Pour les membres de l’exécutif municipal, en cas de coïncidence entre leurs délégations et l’objet de leur activité professionnelle, je préconise qu’ils se retirent du processus décisionnel et qu’ils en avertissent le maire et les services municipaux qui dépendent d’eux.

Selon vous, le faible nombre de demandes de conseils des élus et de déclarations d’intérêts transmises volontairement est-il l’expression d’un souhait de transparence d’élus qui ne se traduirait finalement pas en acte ?

P. W. Je ne dirais pas cela. Il y a plutôt une acclimatation assez lente des élus à la culture de la déontologie. Ce qui me paraît normal compte tenu de la nouveauté du sujet en France.

Certes, ils sont peu nombreux à me solliciter pour l’instant. Mais, je le répète, cela me paraît traduire cette absence d’un réflexe « déontologue ». Mon rapport annuel, qui fait œuvre pédagogique, est à ce titre destiné à faciliter l’intériorisation de l’exigence déontologique par tous les élus.

Je souhaite bien évidemment que, dès l’année 2016, de plus en plus d’élus intègrent l’idée de déontologie et qu’en cette matière, je puisse leur être utile.

Le déontologue s’adresse d’abord aux citoyens, car c’est sur leur confiance que repose la légitimité des élus. Il est donc souhaitable qu’ils soient davantage informés des possibilités de me saisir.

À quoi attribuez-vous le fait que les citoyens ne se soient pas encore adressés à vous ?

P. W. Je pense que la fonction de déontologue n’est pas encore très connue du public, malgré les efforts du service communication de la ville. Je crois qu’il est aussi normal que cela prenne plus de temps que pour les élus.

Le déontologue s’adresse d’abord aux citoyens, car c’est sur leur confiance que repose la légitimité des élus. Il est donc souhaitable qu’ils soient davantage informés des possibilités de me saisir.

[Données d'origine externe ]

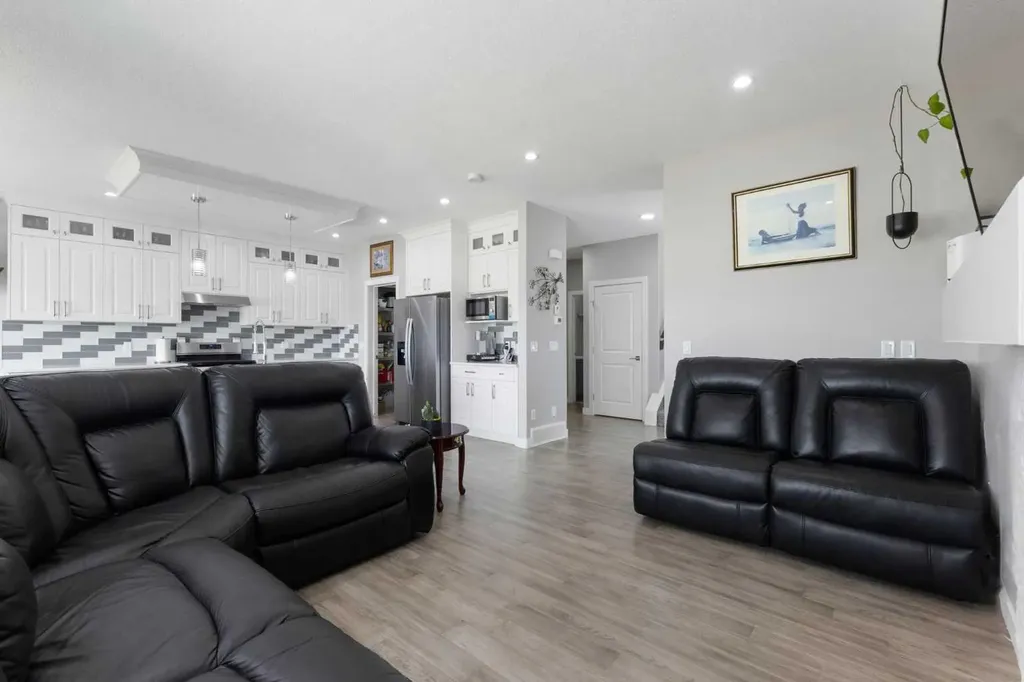 718 Hampshire Cove NE High River AB T1V0E6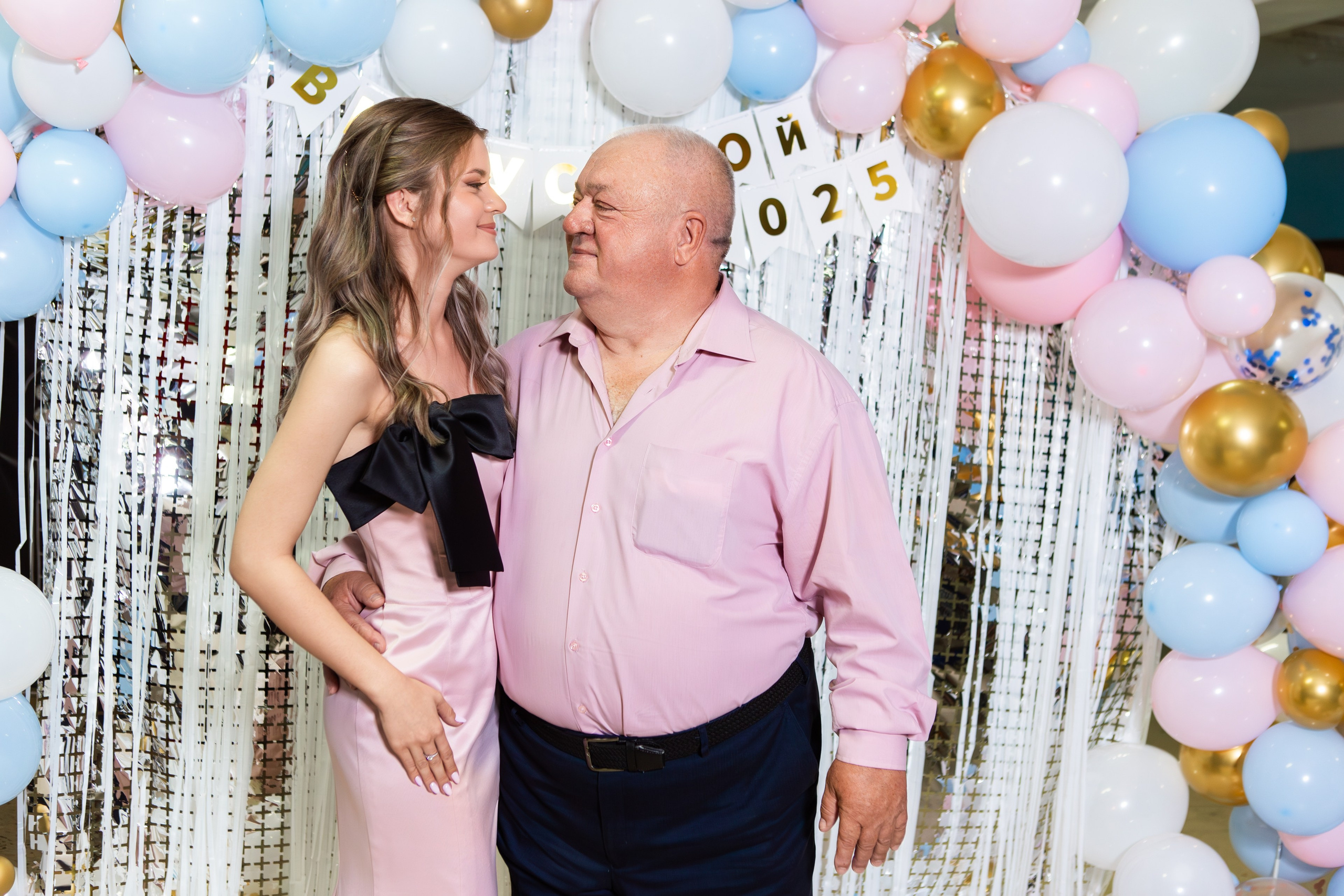 ФОТОСЕССИЯ С РОДИТЕЛЯМИ ВЫПУСКНОЙ 2025 9 ШКОЛА Г.МЦЕНСК. Профессиональный фотограф в Мценске и Орловской области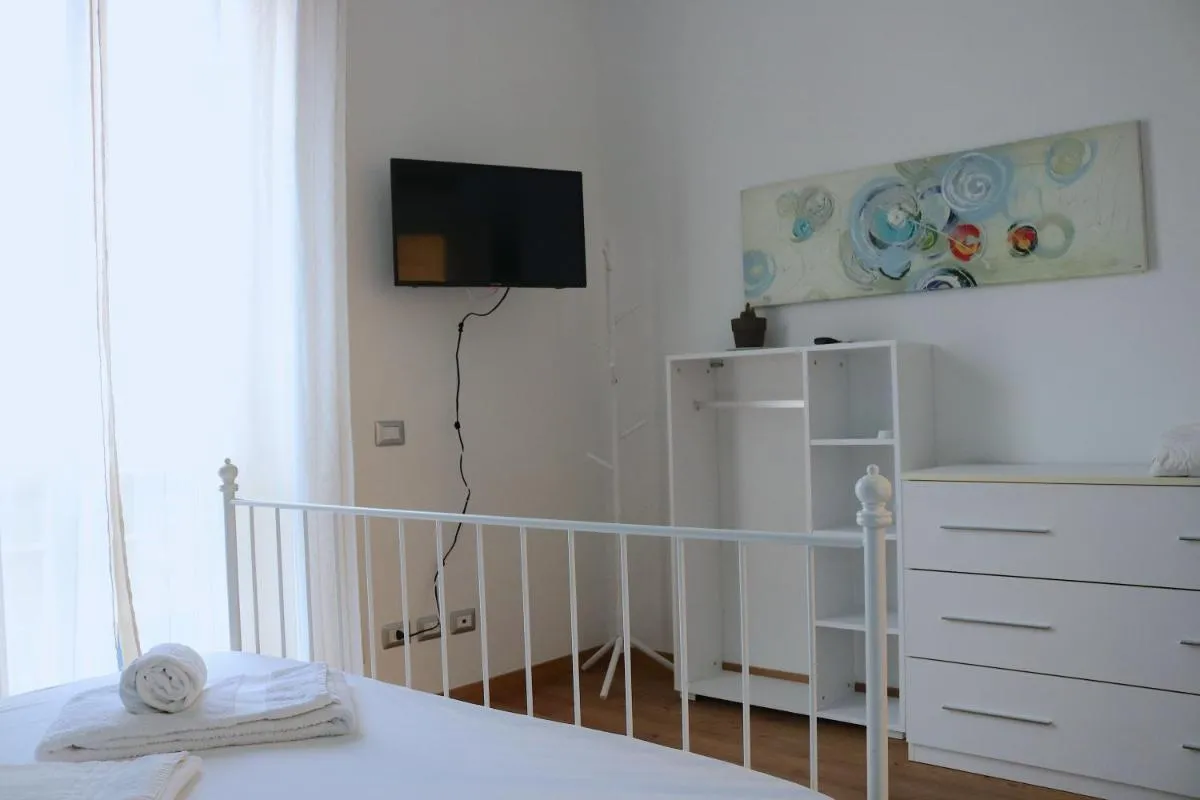 Image 1 of Lovely Navigli Studio with balcony – Via Carlo torre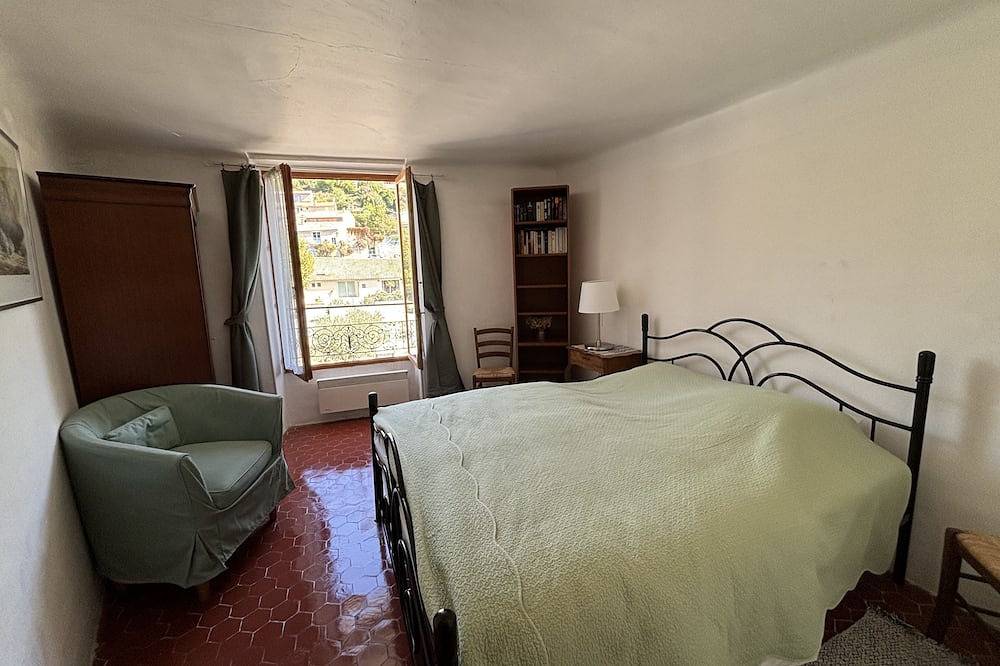 Luberon maison de village entière 2/6 Personnes,lac à 2000m in Cabrières-d'Aigues, Parc naturel régional du Luberon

Des informations seront notamment effectuées dans ce sens dans les comités de quartier et des flyers seront à la disposition du public.

Vous avez également rendu une recommandation intitulée « affaires privées-affaires publiques ». Concrètement, de quoi s’agit-il ?

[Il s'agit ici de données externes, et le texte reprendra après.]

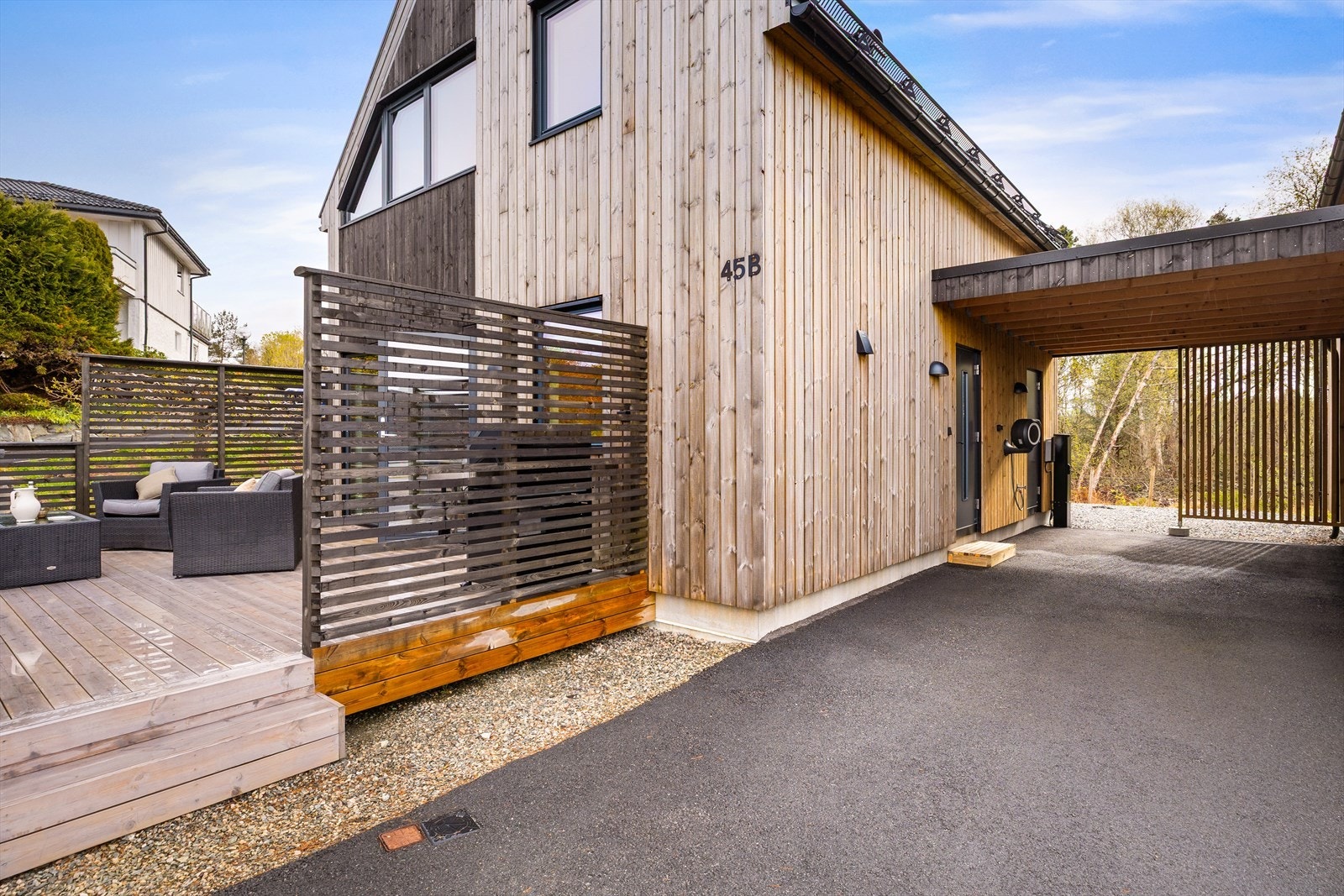 Moderne enebolig fra 2023 med stilrent treverk, romslig terrasse og carport. Galleribilde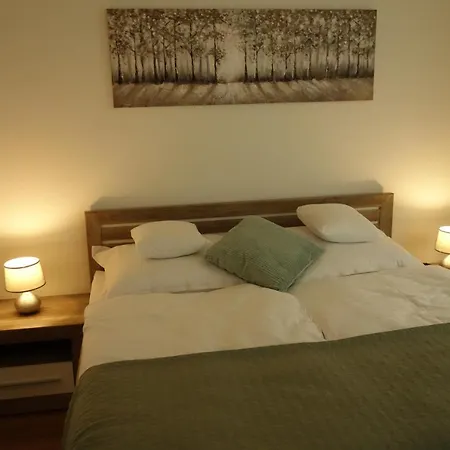 Rubin Apartment *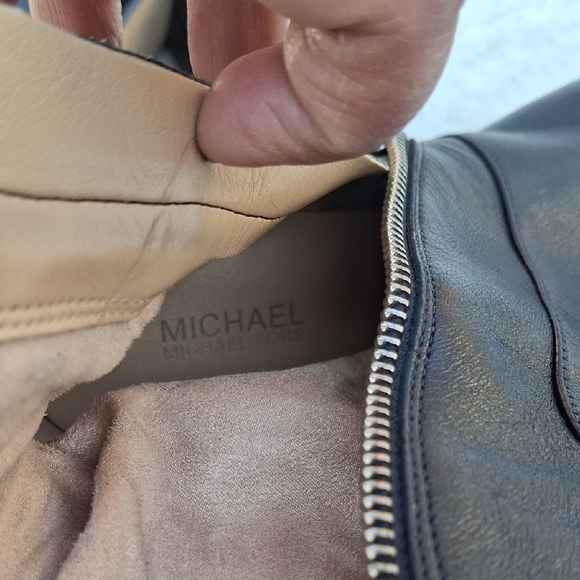 MICHAEL Michael Kors Black Heeled Boots with Ruched Detail - Picture 8 of 9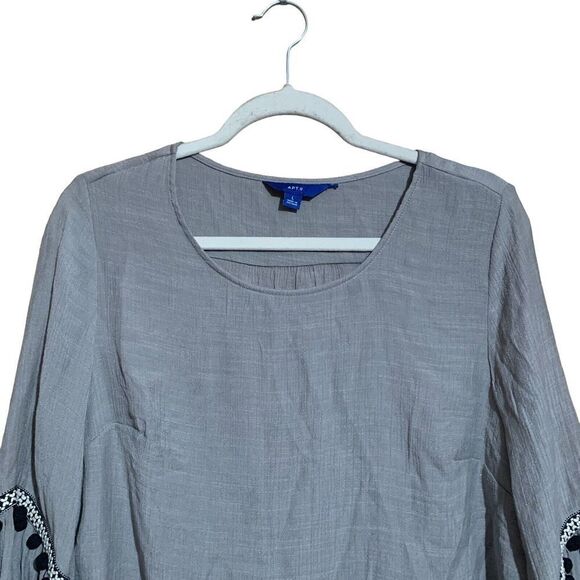 APT. 9 Womens Size Large Gray Pom Pom Bell Sleeves Blouse Top NWT - Picture 2 of 7
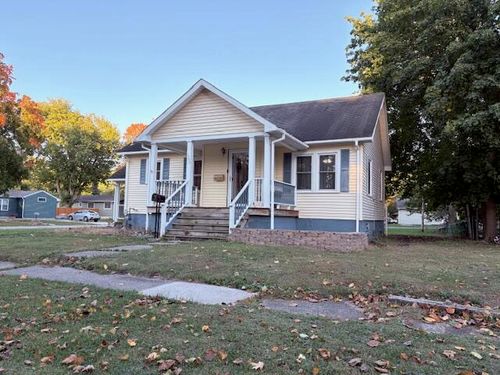 809 N 3rd St, Kentland, IN, 47951 | Card Image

P. W. Il m’a paru important de préciser une ligne de conduite générale concernant deux aspects dans le champ des liens entre affaire privées et publiques.

Le premier aspect concerne l’utilisation des moyens mis à la disposition des élus par la collectivité – moyens qui ne sont pas donnés à titre personnel mais destinés à faciliter l’exercice du mandat politique reçu des concitoyens et des missions précises qui y sont rattachées.

Le second est relatif aux relations des élus avec les partenaires privés avec qui ils entretiennent des relations plus ou moins suivies. Cela vise concrètement les cadeaux, avantages et invitations dont peut bénéficier l’élu, son conjoint voire sa famille, et qui sont inévitablement suspects de n’être accordés que pour se concilier l’élu en vue d’en recevoir des « contreparties ».

Sur la base d’une exigence d’intégrité et d’exemplarité des élus, j’ai pensé qu’il était hautement souhaitable qu’ils refusent toute faveur d’une valeur globale supérieure à 100 euros. S’il s’avérait délicat de la refuser, le cadeau devra être remis à la ville et faire l’objet d’une déclaration qui me sera remise.